**Dataset extract**

━━━━━━━━━━

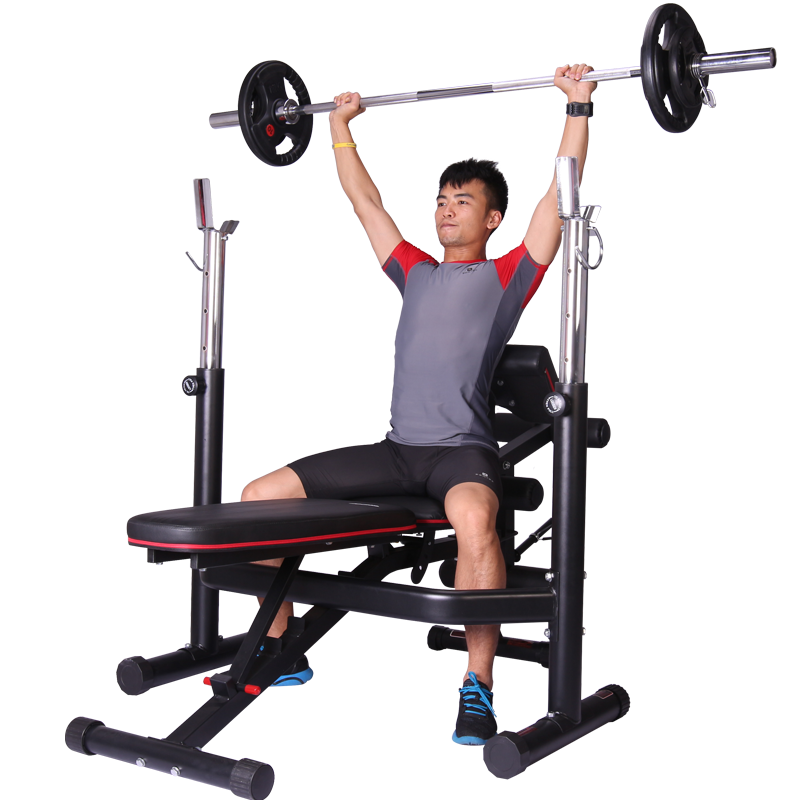 力動（RIDO）舉重床臥推架杠鈴架多功能綜合訓練器健身器材（含120kg杠鈴片）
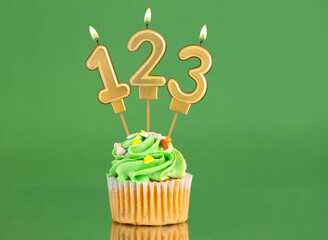 Birthday card with candle and cupcake - Number 123 on a green background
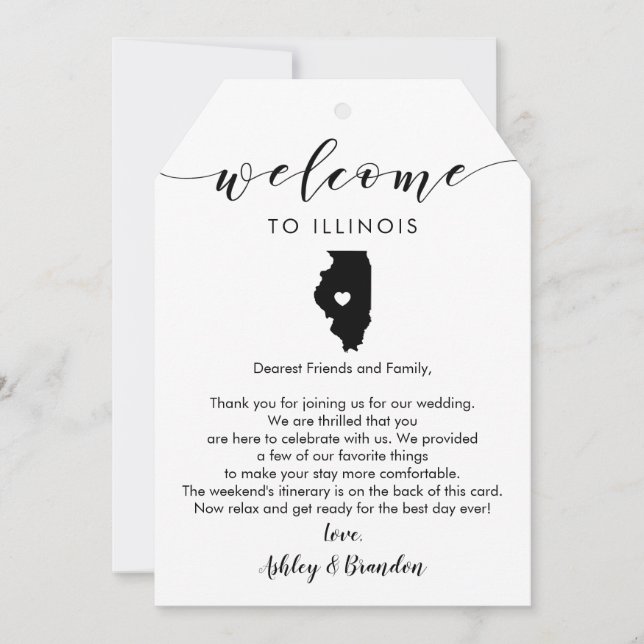 Illinois Wedding Welcome Tag, Letter Itinerary (Front)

━━━━━━━━━━

**Problem details**
Begin at the line with "Birthday card with" and end at the last line of the data above. Reproduce those lines exactly, but not the pictures.

**Result**
 Birthday card with candle and cupcake - Number 123 on a green background
 Illinois Wedding Welcome Tag, Letter Itinerary (Front)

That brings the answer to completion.